From cream puffs to blue ribbons, celebrated rural historian  Apps explores the history of county and state fairs in Wisconsin. From their earliest incarnations as livestock exhibitions to today’s multitude of exhibits and demonstrations, grandstand entertainment, games and rides, and competitions of all sorts, Apps draws on extensive research and his personal experience as a 4-H leader, county extension agent, fair judge, and lifelong fairgoer to take readers back through 178 years of Wisconsin fair history.

Like many fairgoers or participants, many followed in the footsteps of their parents and siblings. Apps recalls his father's adventures of herding his show cows to the fair, walking every step of the 8-mile journey. The elder Apps summed up his experience rural fair experiences as some of the "best days of his life".
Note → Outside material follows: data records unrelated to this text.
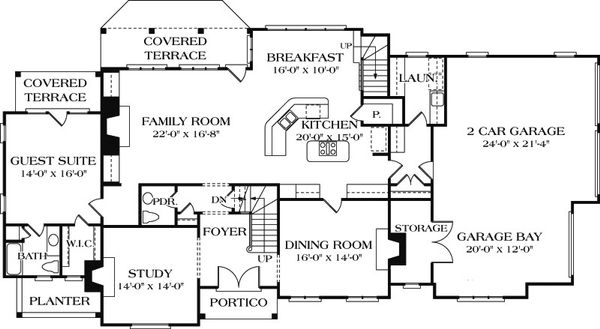 Architectural House Design - European Floor Plan - Main Floor Plan #453-15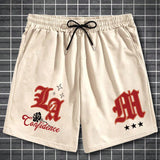 Manfinity EMRG Hombres talla grande Shorts con estampado de letra de cintura con cordon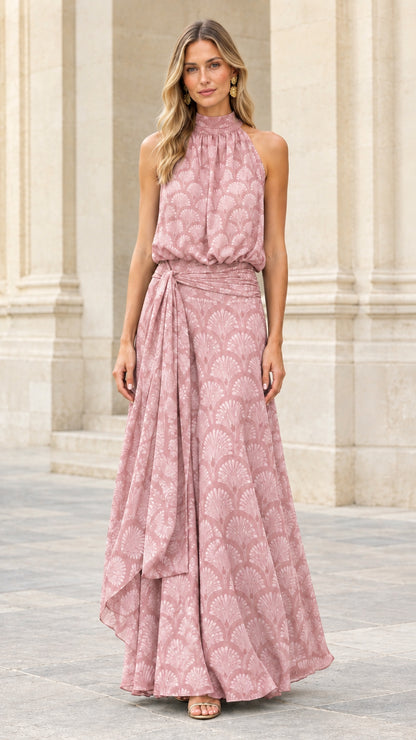 Front view of blush pink halter neck pleated evening maxi dress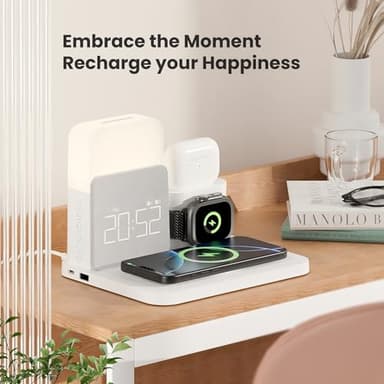 Alarm Clock with Wireless Charger for Bedrooms, 6 in 1 Wireless Charging Station, Magnetic Charger with Night Light Bedside Clock for iPhone 16 15 14 13 12 Pro Max, Apple Watch - Image 7
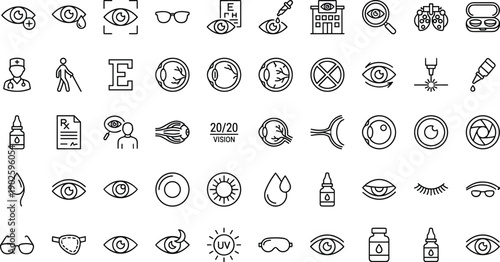 Eye care icons, vision symbols, optometry tools, eye chart, contact lens, glasses, eye drops, anatomy, health, ophthalmology, exam
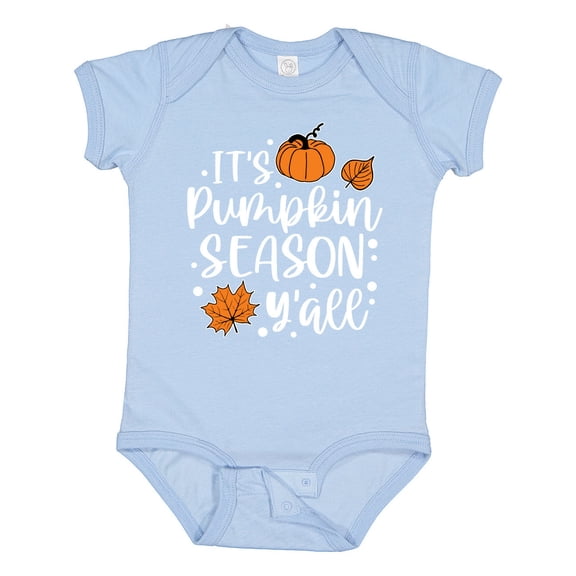 Inktastic Thanksgiving It's Pumpkin Season Y'all with Fall Leaves Boys or Girls Baby Bodysuit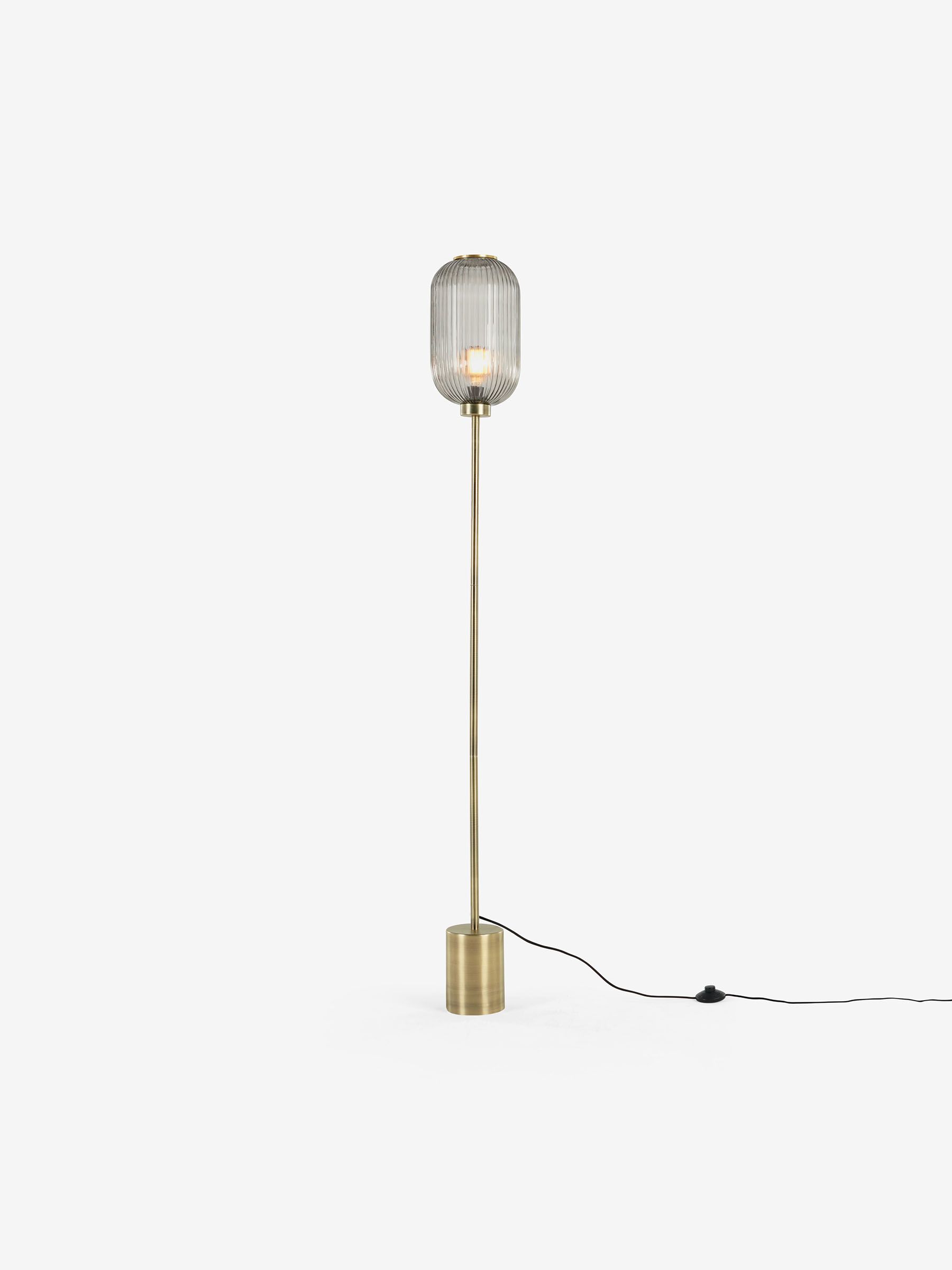 Briz Textured Glass Floor Lamp in Smoke Grey - Image 1 of 3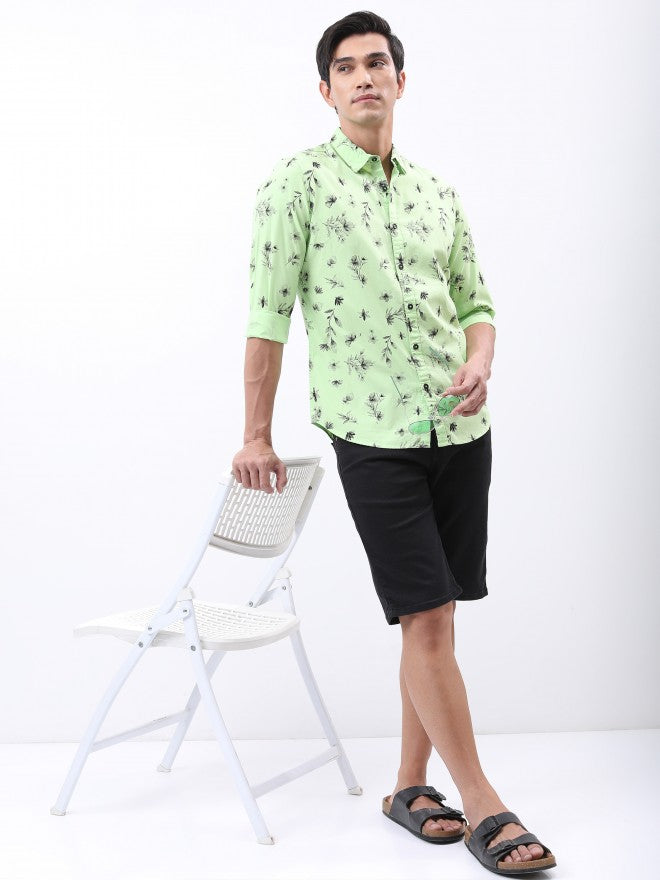 Ketch Men Green Printed Slim Fit Casual Shirt - Green - Image 2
From cream puffs to blue ribbons, celebrated rural historian Jerry Apps explores the history of county and state fairs in Wisconsin.

Beginning with Waukesha County who held the state's first county fair in 1842, Apps traces the history and origins of county fairs across the state. He tells of some fairs that struggled to survive during the Depression years, and of community leaders who kept the events afloat financially until better times came along.

A common thread throughout the years which contributed to the success of the fair is the dedicated army of volunteers made up of 4-H and FFA leaders, project superintendents, community groups, fair board members, Extension agents, parents, local businesses and more. 

In this 228 book, Apps covers everything from horse-pulling and calf-showing contests to flower arrangement judging to the roar of gasoline engines powering the midway rides. The Waushara County native evokes the sights and sounds of fairs through the ages while digging in to the political and social forces that shaped the fair into an icon of our rural heritage.

Throughout his book, Apps weaves in the voices of fairgoers who share their insights on everything from rigged carnival games to runaway steers on the Midway, the jitters of entering the showring to budding the relationships that changed lives.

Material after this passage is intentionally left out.